**Assigned task**: The response should hold every record from the listing that follows, verbatim, and no pictures.

+-------+

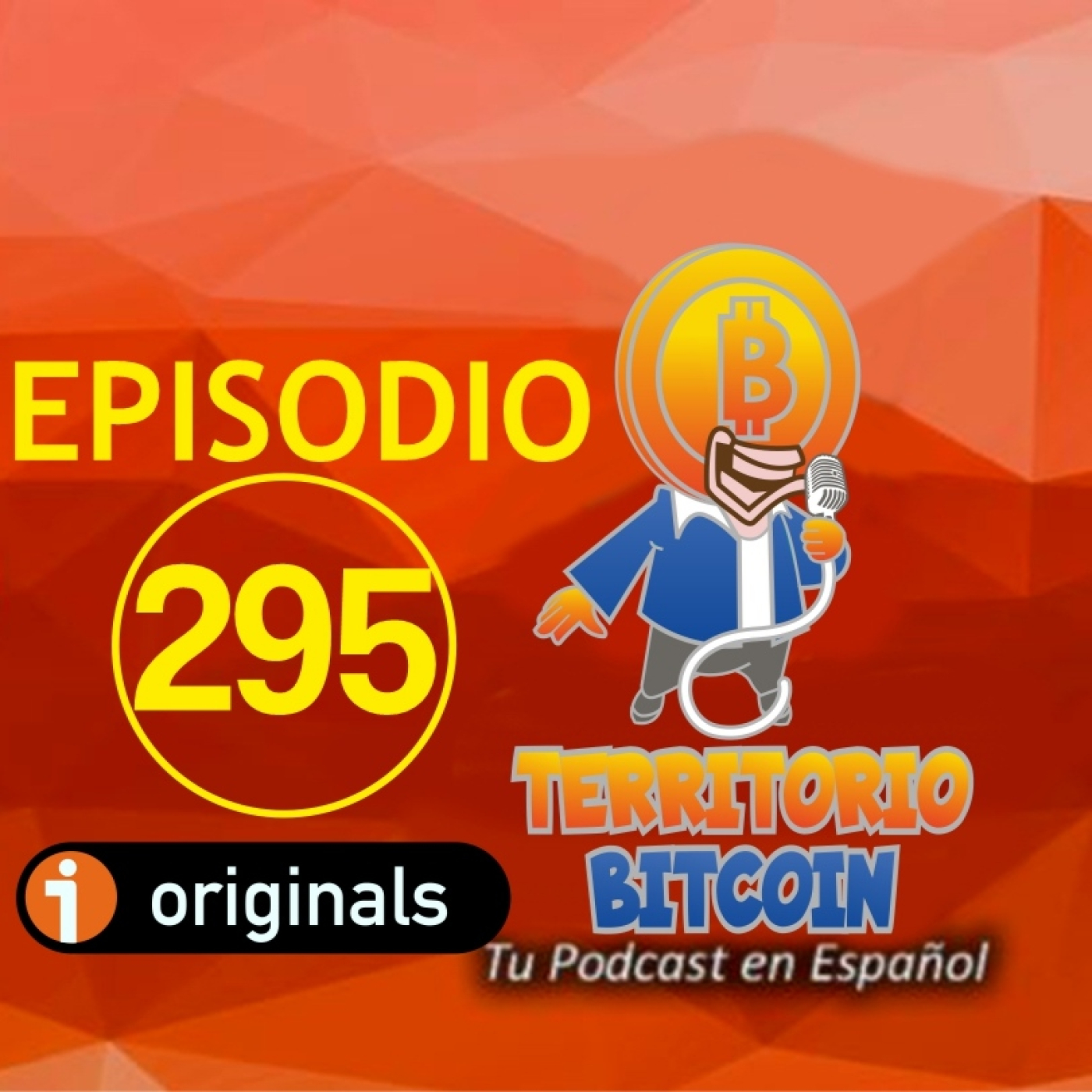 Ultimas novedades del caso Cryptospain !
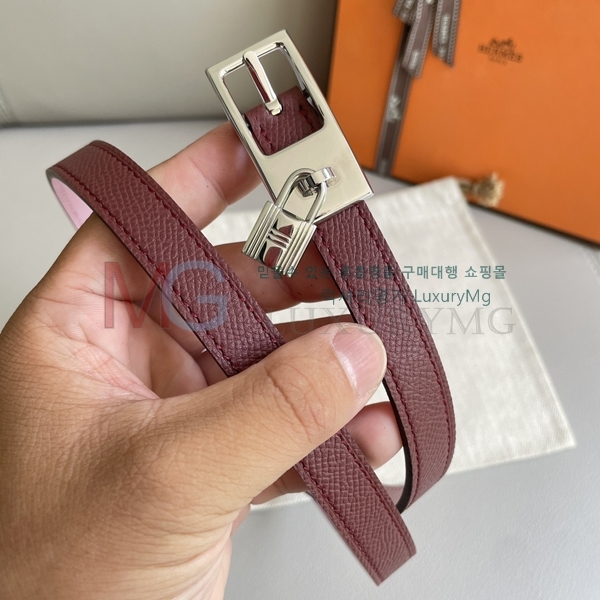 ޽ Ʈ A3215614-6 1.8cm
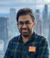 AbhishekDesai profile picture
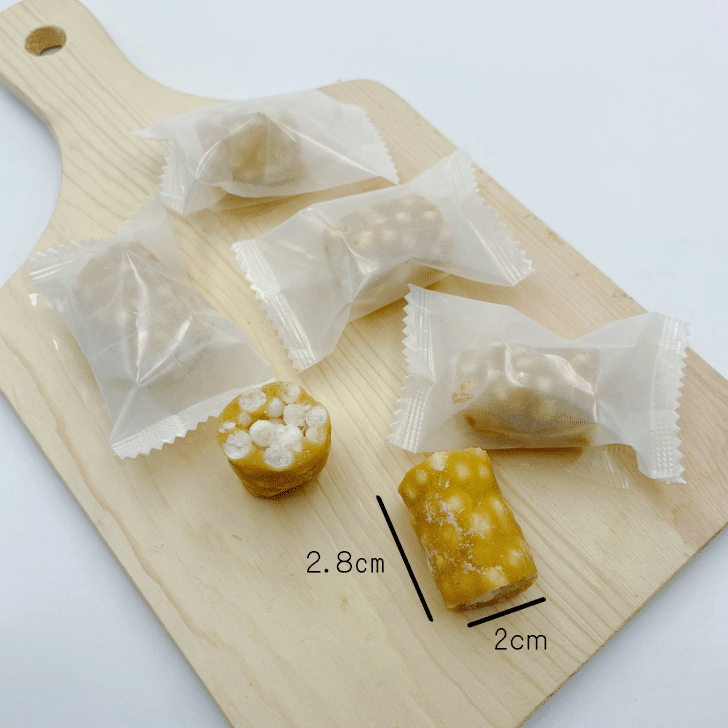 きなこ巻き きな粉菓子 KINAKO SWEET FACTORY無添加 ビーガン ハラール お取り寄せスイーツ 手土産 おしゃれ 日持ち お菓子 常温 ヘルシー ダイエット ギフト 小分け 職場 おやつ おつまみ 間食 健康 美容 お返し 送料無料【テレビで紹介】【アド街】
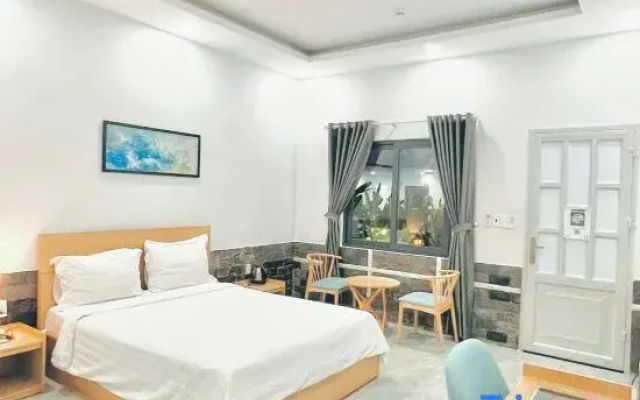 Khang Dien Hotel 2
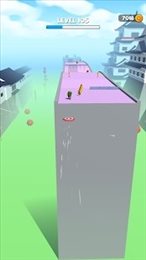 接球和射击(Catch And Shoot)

+-------+

**Solution to the problem**:
 Ultimas novedades del caso Cryptospain !
 ޽ Ʈ A3215614-6 1.8cm
 AbhishekDesai profile picture
 きなこ巻き きな粉菓子 KINAKO SWEET FACTORY無添加 ビーガン ハラール お取り寄せスイーツ 手土産 おしゃれ 日持ち お菓子 常温 ヘルシー ダイエット ギフト 小分け 職場 おやつ おつまみ 間食 健康 美容 お返し 送料無料【テレビで紹介】【アド街】
 Khang Dien Hotel 2
 接球和射击(Catch And Shoot)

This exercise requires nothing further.